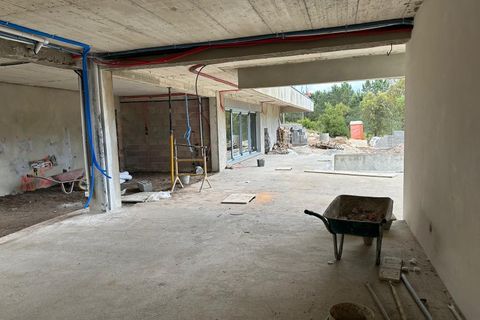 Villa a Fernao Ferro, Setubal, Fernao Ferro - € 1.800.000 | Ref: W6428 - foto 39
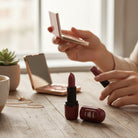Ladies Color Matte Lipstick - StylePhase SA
◆ ◆ ◆ ◆ ◆
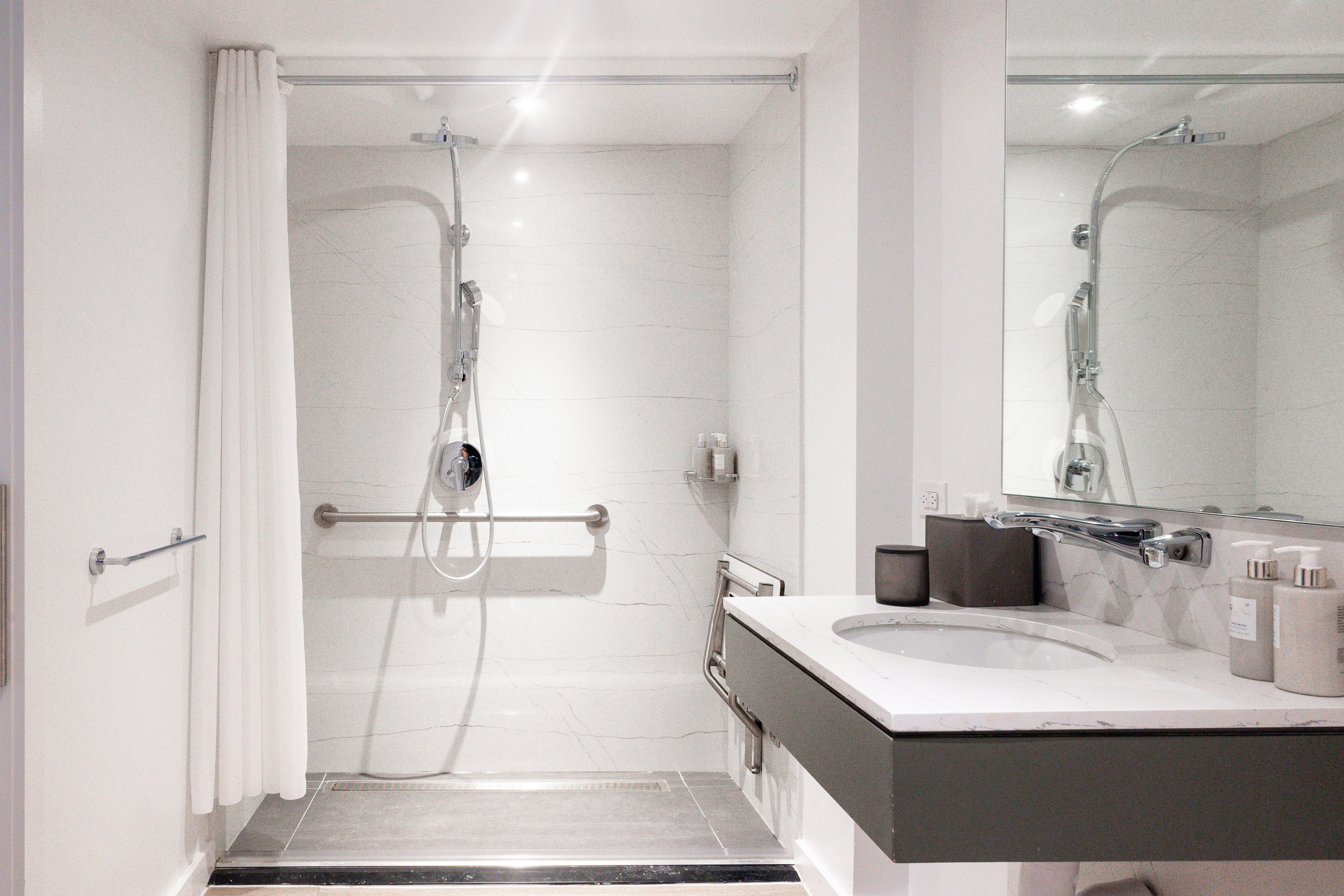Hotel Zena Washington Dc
◆ ◆ ◆ ◆ ◆
● Exercise aim: Go back to the listing above and write out the lines starting at the one with "Villa a Fernao" and ending at the one with "Ladies Color Matte Lipstick - StylePhase SA", inclusive, exactly and without pictures.

● Exercise response:
 Villa a Fernao Ferro, Setubal, Fernao Ferro - € 1.800.000 | Ref: W6428 - foto 39
Ladies Color Matte Lipstick - StylePhase SA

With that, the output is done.